WORK TO COMPLETE: Figure out how many lines in the records below hold the string "Picture". That number alone is the answer.

DATASET RECORDS:
Start of Block

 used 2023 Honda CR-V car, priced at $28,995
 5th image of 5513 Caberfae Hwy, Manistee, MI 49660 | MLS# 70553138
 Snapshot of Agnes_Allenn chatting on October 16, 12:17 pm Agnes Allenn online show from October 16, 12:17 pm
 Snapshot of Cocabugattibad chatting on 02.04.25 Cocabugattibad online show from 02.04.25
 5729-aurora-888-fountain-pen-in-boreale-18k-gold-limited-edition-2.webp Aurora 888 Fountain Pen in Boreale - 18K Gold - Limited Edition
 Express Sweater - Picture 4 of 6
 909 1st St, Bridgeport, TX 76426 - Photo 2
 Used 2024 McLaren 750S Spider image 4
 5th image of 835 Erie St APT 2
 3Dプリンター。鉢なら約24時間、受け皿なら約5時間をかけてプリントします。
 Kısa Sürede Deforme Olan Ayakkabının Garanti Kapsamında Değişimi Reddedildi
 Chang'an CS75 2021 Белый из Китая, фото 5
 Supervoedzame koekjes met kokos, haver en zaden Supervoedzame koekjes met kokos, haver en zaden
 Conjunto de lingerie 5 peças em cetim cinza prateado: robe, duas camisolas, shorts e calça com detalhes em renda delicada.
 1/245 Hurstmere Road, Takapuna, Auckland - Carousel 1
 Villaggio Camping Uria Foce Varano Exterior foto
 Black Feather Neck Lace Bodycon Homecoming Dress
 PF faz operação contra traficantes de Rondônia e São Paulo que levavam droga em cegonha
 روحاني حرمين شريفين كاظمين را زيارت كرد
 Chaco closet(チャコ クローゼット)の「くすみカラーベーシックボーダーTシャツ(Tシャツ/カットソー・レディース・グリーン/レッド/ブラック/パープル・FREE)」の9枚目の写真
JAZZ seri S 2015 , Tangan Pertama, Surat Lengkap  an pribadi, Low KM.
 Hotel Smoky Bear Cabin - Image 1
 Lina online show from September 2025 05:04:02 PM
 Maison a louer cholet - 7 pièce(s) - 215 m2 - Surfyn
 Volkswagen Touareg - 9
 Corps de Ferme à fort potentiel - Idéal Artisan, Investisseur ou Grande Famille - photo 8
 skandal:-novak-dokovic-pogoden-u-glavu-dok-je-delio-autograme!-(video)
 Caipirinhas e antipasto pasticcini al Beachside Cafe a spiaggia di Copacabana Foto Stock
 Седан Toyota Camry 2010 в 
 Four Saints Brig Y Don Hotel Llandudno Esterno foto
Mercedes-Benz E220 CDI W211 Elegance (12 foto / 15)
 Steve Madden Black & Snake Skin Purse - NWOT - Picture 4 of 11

End of Block

ANSWER AREA: 2